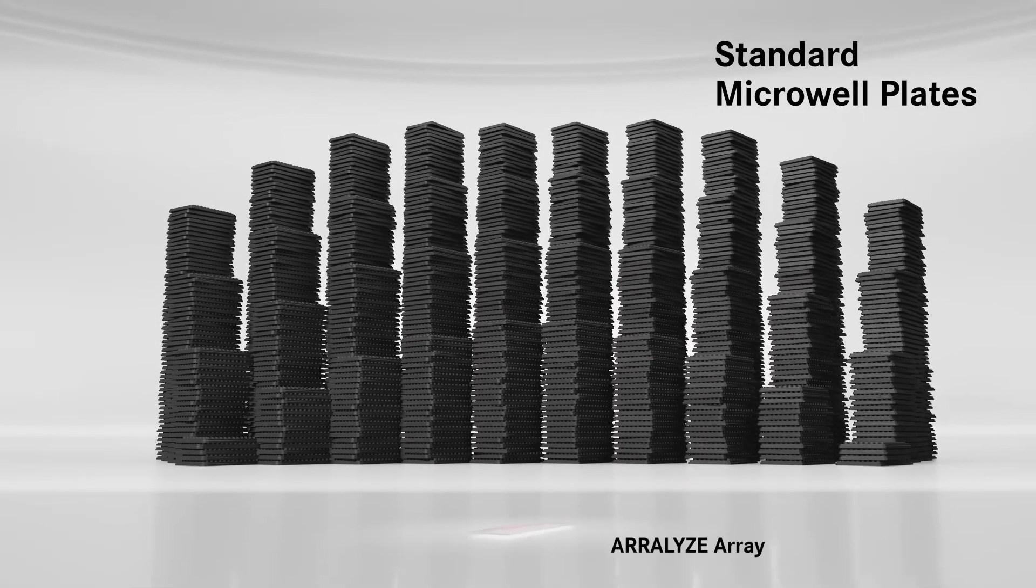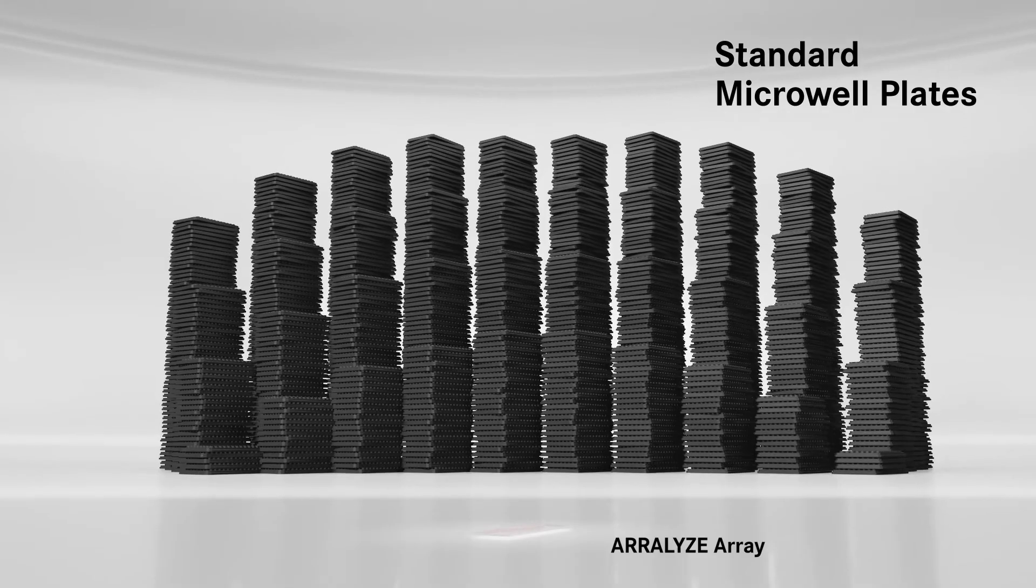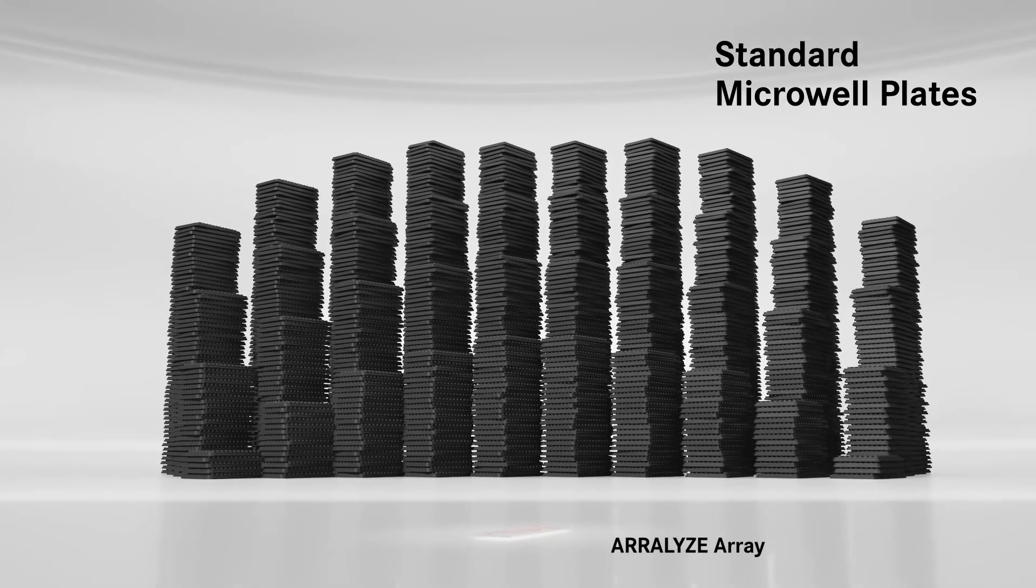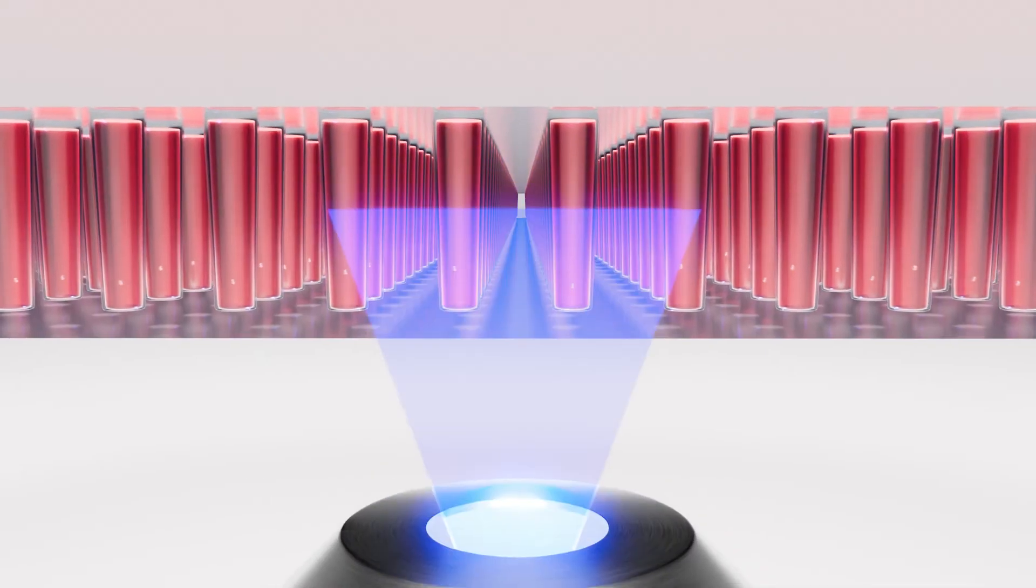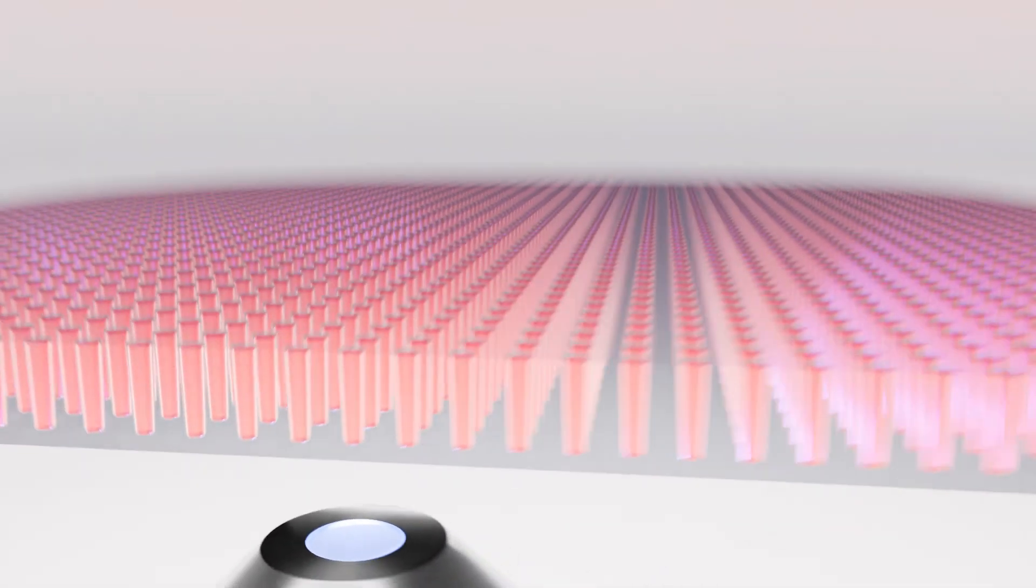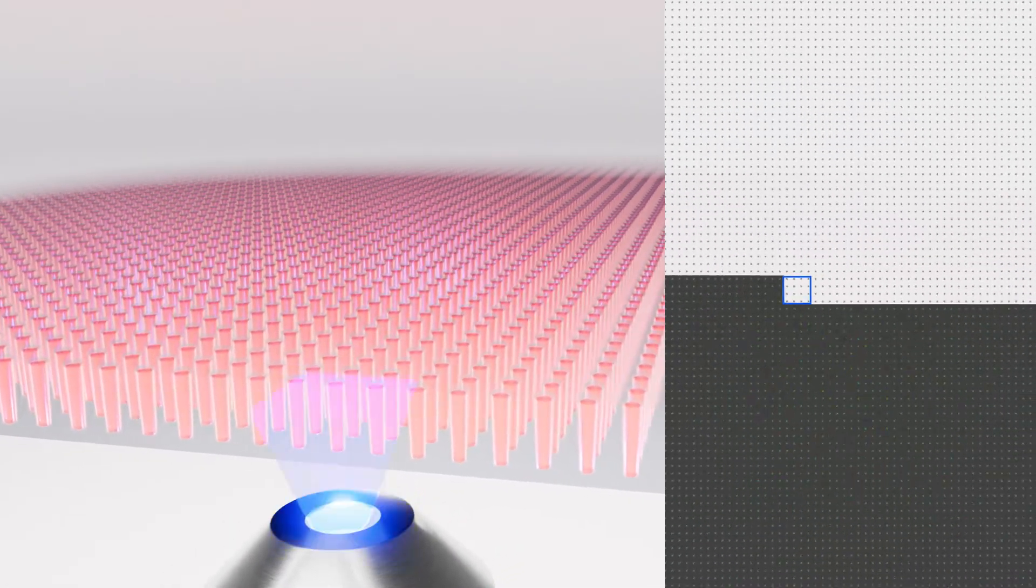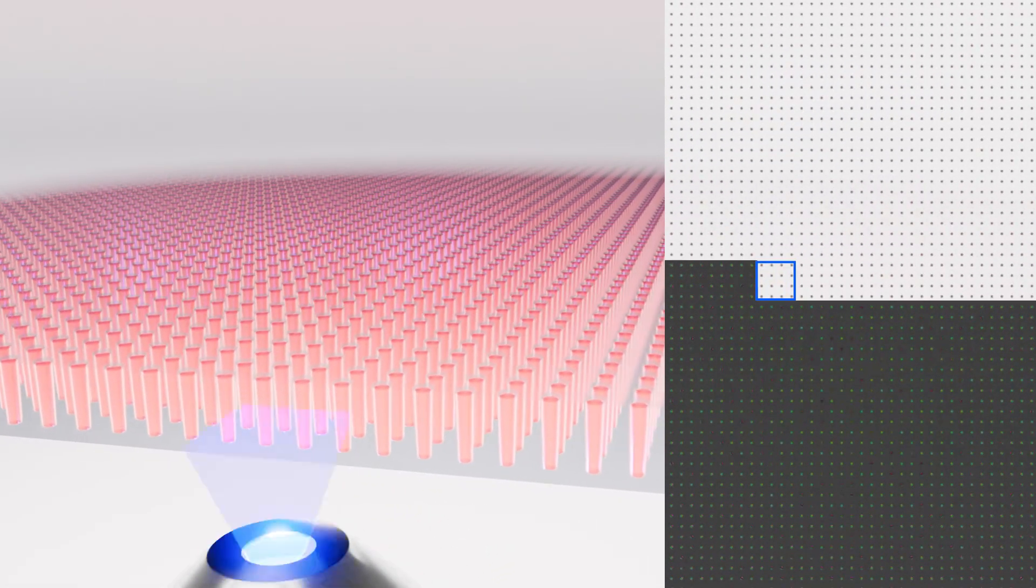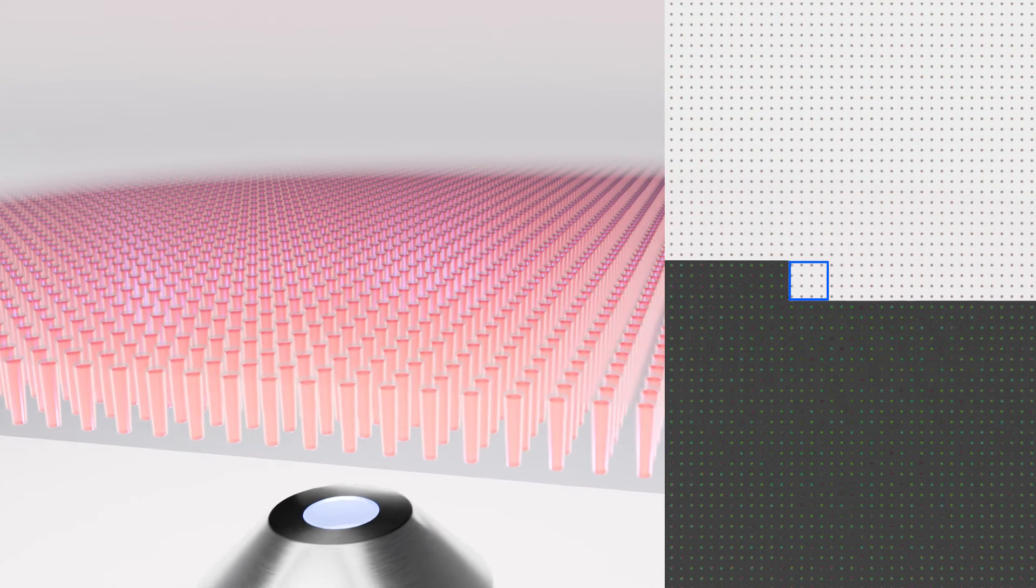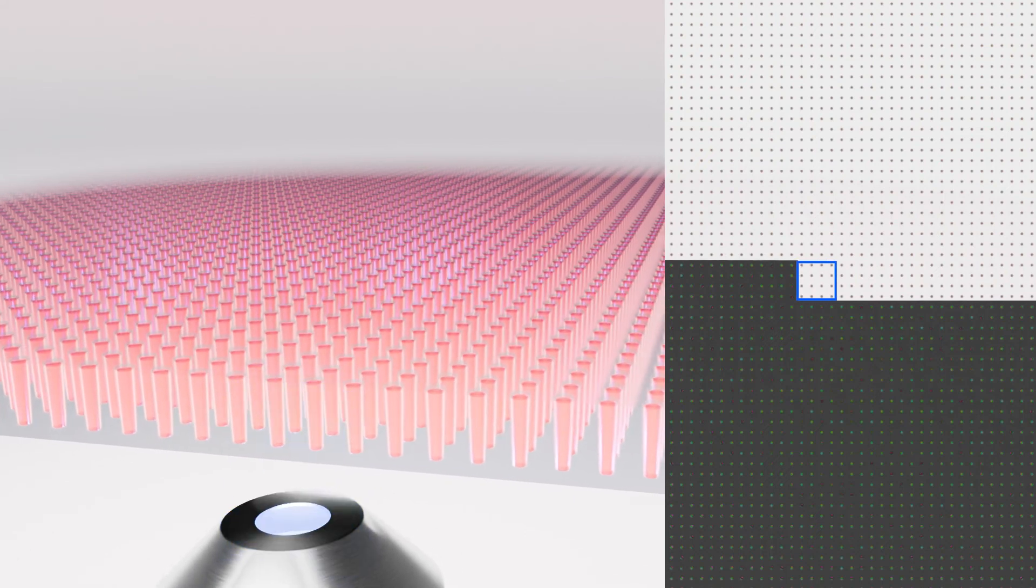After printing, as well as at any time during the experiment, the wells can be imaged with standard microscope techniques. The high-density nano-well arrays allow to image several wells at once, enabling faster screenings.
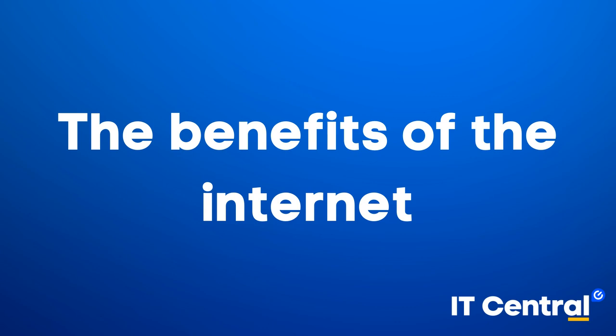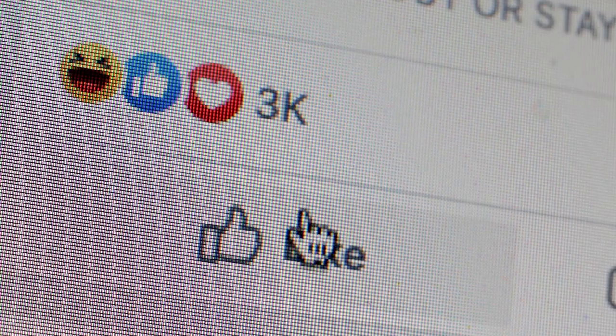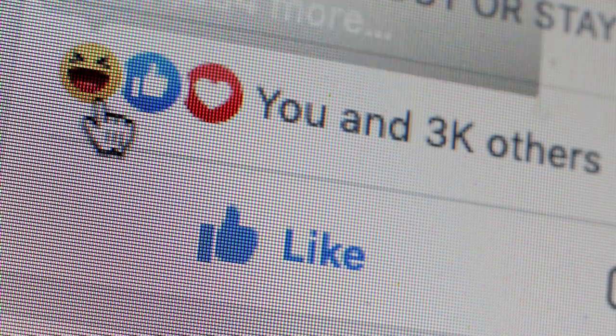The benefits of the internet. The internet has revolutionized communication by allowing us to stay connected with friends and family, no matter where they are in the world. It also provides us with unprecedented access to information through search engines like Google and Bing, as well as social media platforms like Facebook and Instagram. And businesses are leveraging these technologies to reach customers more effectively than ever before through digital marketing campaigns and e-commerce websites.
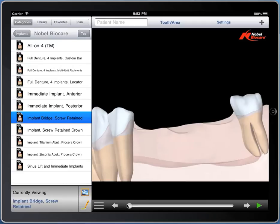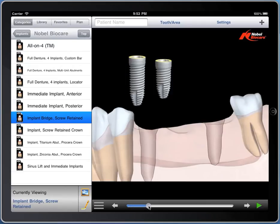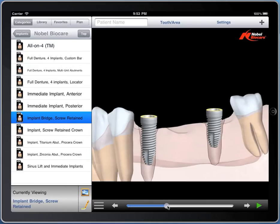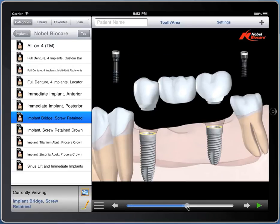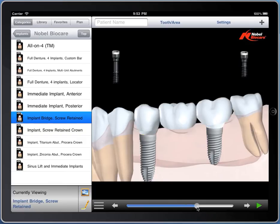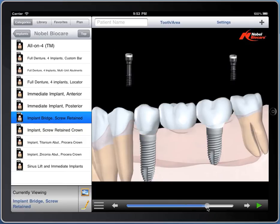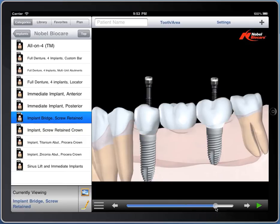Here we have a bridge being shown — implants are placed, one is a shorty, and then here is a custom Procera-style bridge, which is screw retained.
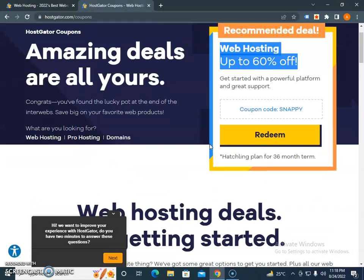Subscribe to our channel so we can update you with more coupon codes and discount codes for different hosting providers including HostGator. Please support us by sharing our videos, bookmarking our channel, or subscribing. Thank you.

• [Your instructions]: Leave out the pictures, and write out all the remaining data above exactly.

• [Task solution]:
After printing, as well as at any time during the experiment, the wells can be imaged with standard microscope techniques. The high-density nano-well arrays allow to image several wells at once, enabling faster screenings.
The benefits of the internet. The internet has revolutionized communication by allowing us to stay connected with friends and family, no matter where they are in the world. It also provides us with unprecedented access to information through search engines like Google and Bing, as well as social media platforms like Facebook and Instagram. And businesses are leveraging these technologies to reach customers more effectively than ever before through digital marketing campaigns and e-commerce websites.
Here we have a bridge being shown — implants are placed, one is a shorty, and then here is a custom Procera-style bridge, which is screw retained.
Subscribe to our channel so we can update you with more coupon codes and discount codes for different hosting providers including HostGator. Please support us by sharing our videos, bookmarking our channel, or subscribing. Thank you.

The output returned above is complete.